美術館見学が終わって、俺たちはバスで旅館に向かった。
「今日はありがとうございました」
麗華ちゃんが俺と雫にお礼を言った。
「こちらこそ、すごく勉強になった」
「麗華ちゃんの解説、プロみたいだったよ」
雫も感謝してる。
「そんな...でも、お二人と一緒だったから楽しかったです」
麗華ちゃんが照れてる。
(麗華ちゃんって、普段はクールなイメージだけど、意外と人懐っこいのかも)
バスの中で、俺は今日の出来事を振り返ってみた。
・雫との隣同士バス移動(神のお導き)
・りんごキーホルダーのプレゼント(バイト代800円の投資)
・男子全員の裸体画前での迷惑行為(猿と化した同級生たち)
・恵ちゃんの大胆コメント(「胸の描写がリアル」)
・麗華ちゃんの冷静な芸術分析(NHK解説員レベル)
・雪ちゃんの恥ずかしがり(普通の反応)
・美術館デートの約束(麗華ちゃんからの誘い)
(研修旅行、始まったばかりなのにもうイベント盛りだくさんだ)
特に印象に残ったのは、裸体画の前で15分間動かなかった男子たち。完全に美術館の迷惑客だった。スタッフさんに「来ないでください」と即答されたのは衝撃的だった。
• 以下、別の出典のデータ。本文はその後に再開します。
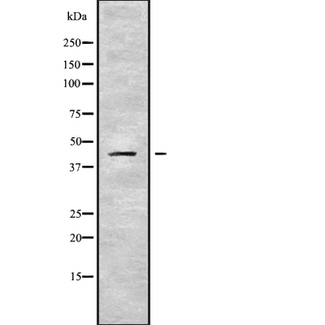 SERPINB10 Antibody - Western blot analysis SERPINB10 using LOVO cells whole cells lysates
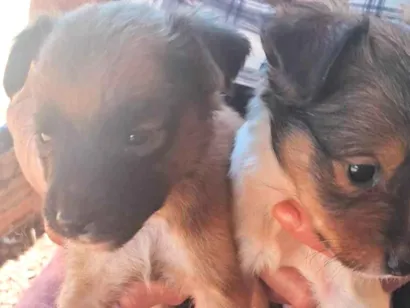 Cachorro raça SRD-ViraLata idade 2 a 6 meses nome Dog Dog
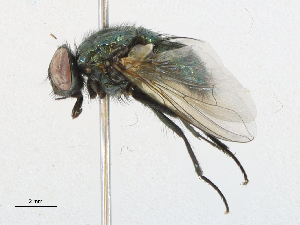  ( - CBG-A21649-G01)  @11 [ ] CreativeCommons - Attribution Share-Alike (2023) CBG Photography Group Centre for Biodiversity Genomics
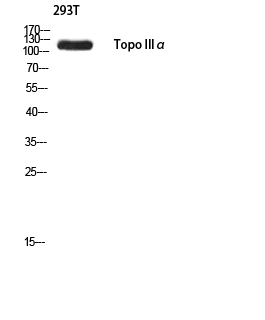 1 - Topo IIIα Polyclonal Antibody AP73849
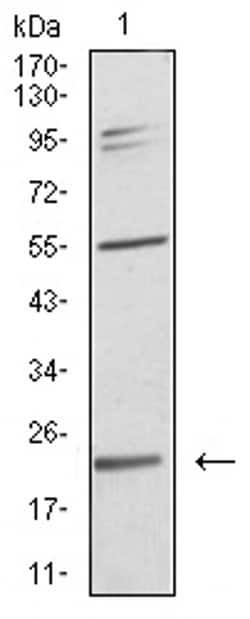 Invitrogen IL-28A Monoclonal Antibody (7B9A4) 100 &mu;L; Unconjugated:Antibodies,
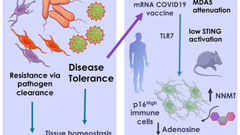 p16High-expressing immune cells control disease tolerance as a defense and health span-extending strategy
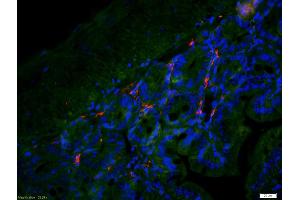 Immunofluorescence (IF) image for anti-Chemokine (C-X3-C Motif) Receptor 1 (CX3CR1) (AA 151-250) antibody (ABIN733583)
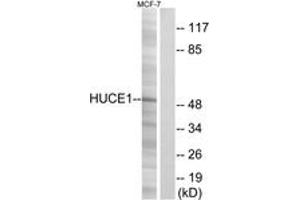 Western blot analysis of extracts from MCF-7 cells, using HUCE1 Antibody. (HUCE1 (AA 271-320) Antikörper)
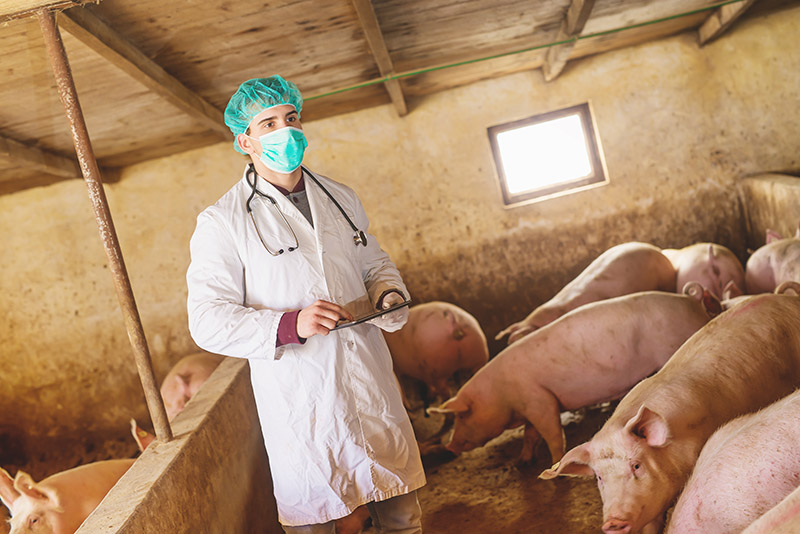 La peste porcine africaine (PPA) est une maladie animale due à un virus qui touche exclusivement les porcs domestiques et les sangliers.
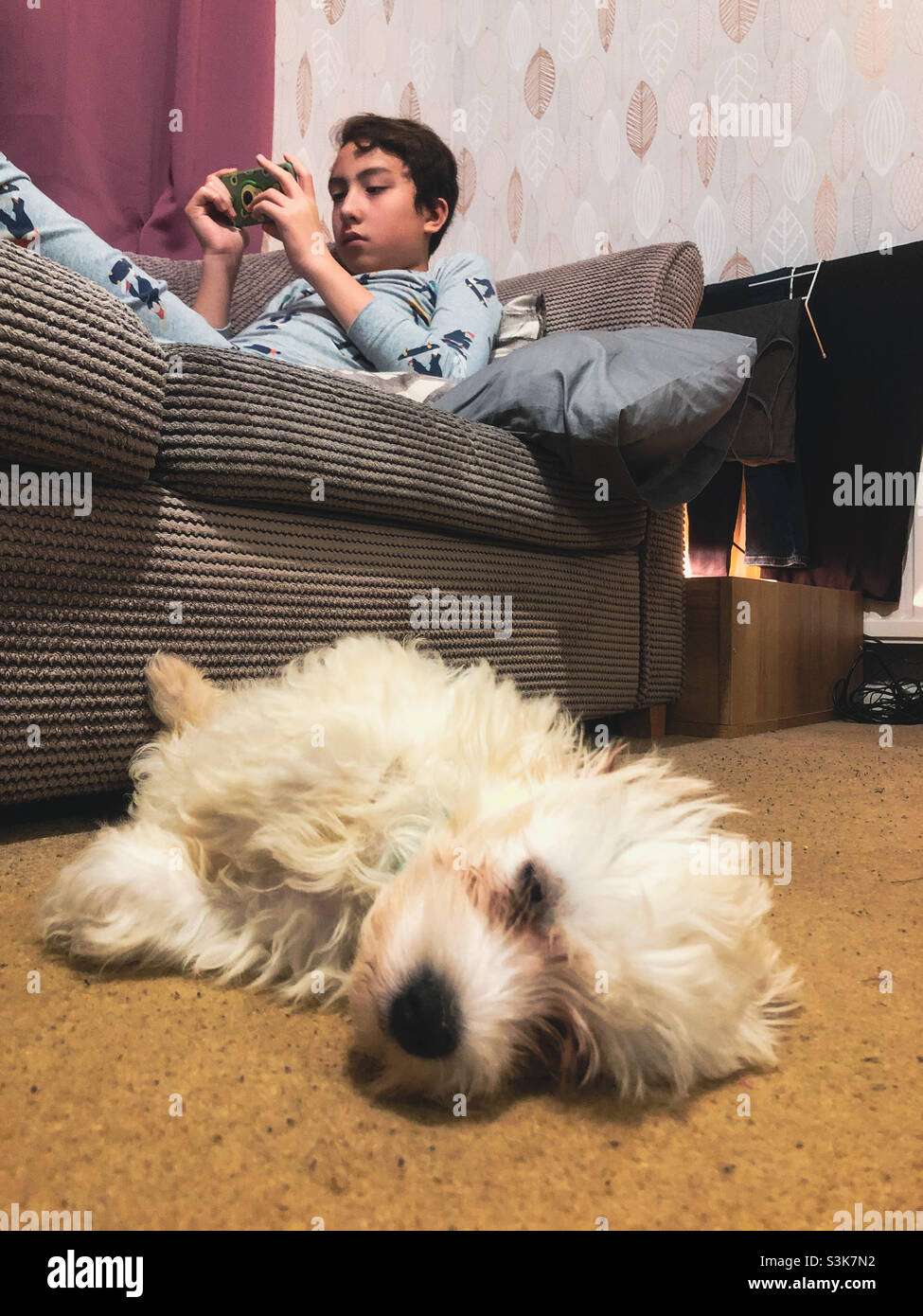 Ein Cavapoo-Welpe schläft auf dem Boden, während ein Junge auf einem Mobiltelefon auf dem Sofa dahinter ein Spiel spielt. - Smartphone-aufgenommenes Stockfoto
でも、一番印象に残ってるのは、雫がキーホルダーを受け取った時の笑顔だった。
(あの時の雫、本当に嬉しそうだったな...800円の価値があった)
旅館が見えてきて、俺の胸は期待でいっぱいになった。この研修旅行で、雫との関係はどう変わるんだろう?
「けーちゃん、旅館着いたよ」
雫が俺の肩を軽く叩いた。
「あ、うん」
「楽しみだね、温泉とか」
「そうだね」
俺たちはバスを降りて、旅館に向かった。研修旅行はまだ始まったばかりだ。後ろでは圭吾が「美術館また行きたいな〜」と言って、翔ちゃんに「やめとけ」と止められてた。